Pues serán de hoja caduca los escasos puestos laborales que creerán estos monstruos eólicos —mayores de lo normal para aprovechar las corrientes más altas de aire, al estar Sayago en un altiplano y no en una montaña—, a lo que hay que agregar, entre otros daños, la pérdida de biodiversidad, la erosión del suelo, el ruido, la muerte de miles de aves protegidas a causa del giro de las aspas, la ruina del turismo rural y de la ganadería extensiva, así como la pérdida de valor inmobiliario de las viviendas en los pueblos próximos a estos molinos. De hecho, según denuncia la plataforma Otra vez no en Sayago, integrada en Alianza Energía y Territorio (Aliente), que por cierto ha lanzado una campaña en change.org oponiéndose al parque eólico, muchos vecinos han puesto ya sus casas en venta.  

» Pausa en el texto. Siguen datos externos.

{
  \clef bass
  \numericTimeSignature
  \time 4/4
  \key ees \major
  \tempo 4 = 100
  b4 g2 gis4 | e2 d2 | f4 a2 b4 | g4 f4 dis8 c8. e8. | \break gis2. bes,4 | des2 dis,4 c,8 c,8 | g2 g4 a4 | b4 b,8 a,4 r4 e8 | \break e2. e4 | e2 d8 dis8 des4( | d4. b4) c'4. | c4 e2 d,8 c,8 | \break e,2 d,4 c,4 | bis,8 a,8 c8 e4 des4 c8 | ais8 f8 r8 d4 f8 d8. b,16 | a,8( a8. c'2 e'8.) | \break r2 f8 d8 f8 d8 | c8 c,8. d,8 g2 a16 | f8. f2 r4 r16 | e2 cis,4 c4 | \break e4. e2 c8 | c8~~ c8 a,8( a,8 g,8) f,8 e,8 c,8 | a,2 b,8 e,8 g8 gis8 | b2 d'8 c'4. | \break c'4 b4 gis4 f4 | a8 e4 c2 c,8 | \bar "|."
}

Marco el número de teléfono de una de las personas que más y mejor ha investigado el paisaje cultural en nuestro país: Esther Prada Llorente. Esta doctora en Arquitectura, docente y extraordinaria pintora, es dueña de una caudalosa bibliografía en la que destacan Dibujando el paisaje que se va. Un modelo espacial del patrimonio agrario, Guía metodológica del paisaje cultural transfronterizo hispanoportugués y “Sayago: paisaje fuente o la construcción del lugar en la frontera hispanoportuguesa”, en Atlas de los paisajes agrarios de España.

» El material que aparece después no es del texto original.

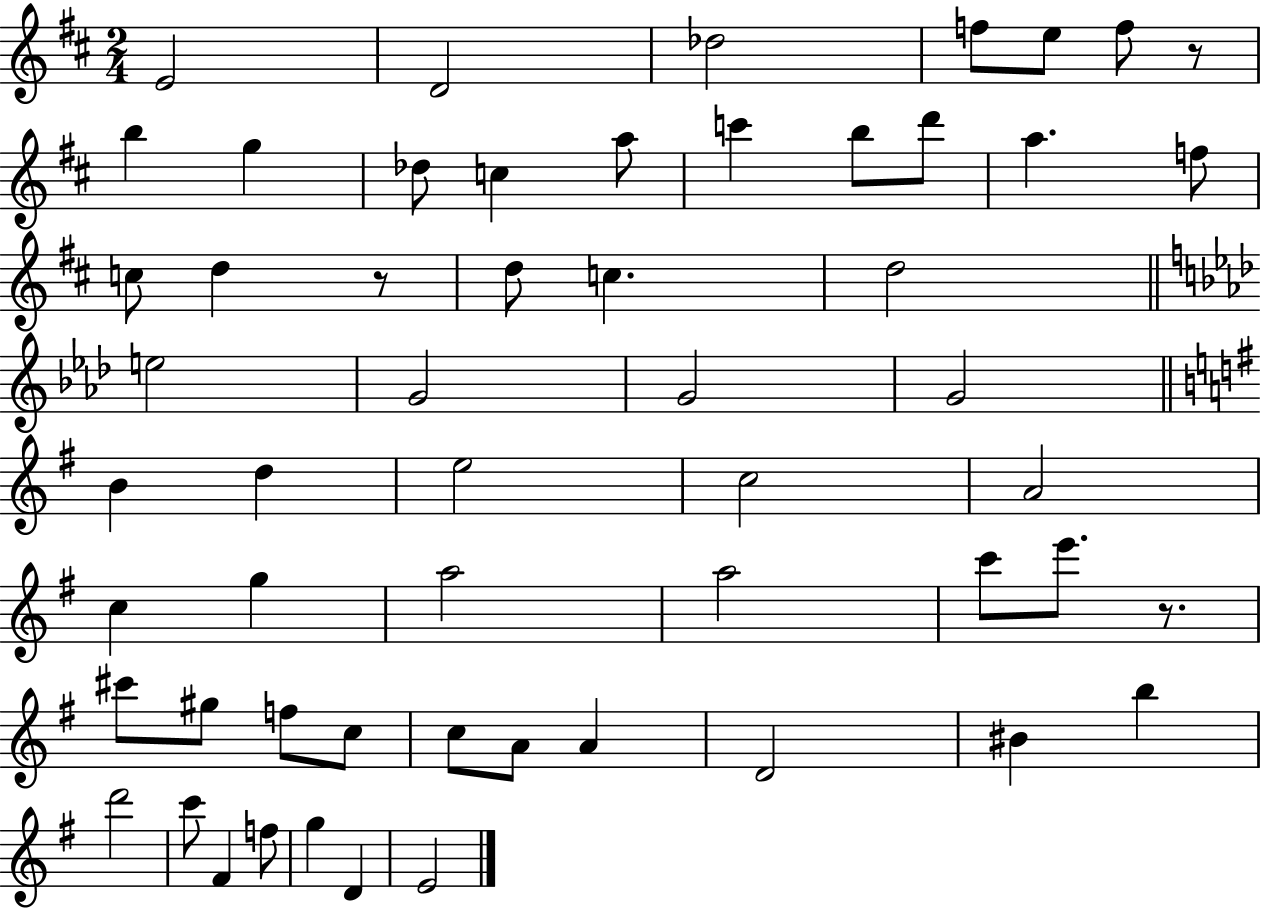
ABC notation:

“Nos han vendido una única forma de entender el paisaje”, dice Prada Llorente. “El paisaje identificado en exclusiva con el paisaje natural, que casi no existe en el planeta, porque son poquísimos los espacios sin intervención humana. Pero en cambio no nos han hablado de los paisajes agrarios, formados por la cultura tradicional campesina a lo largo del tiempo, alguno de los cuales aún no ha desaparecido de Europa, como es el de Sayago. Este paisaje conserva rasgos medievales porque su formación se fundamenta en prácticas consuetudinarias, aún presentes, que ahora llamamos ecológicas. Por eso merece la misma protección y el mismo respeto que la catedral de Burgos. Debemos conservar el paisaje de Sayago porque es historia, porque es cultura. Y conservar significa no tocarlo. Para ello es necesaria una educación que nos conciencie de que el paisaje es un bien e igualmente debería haber una ley de paisaje en Castilla y León como la hay en otras comunidades. Así se evitarían muchos despropósitos”.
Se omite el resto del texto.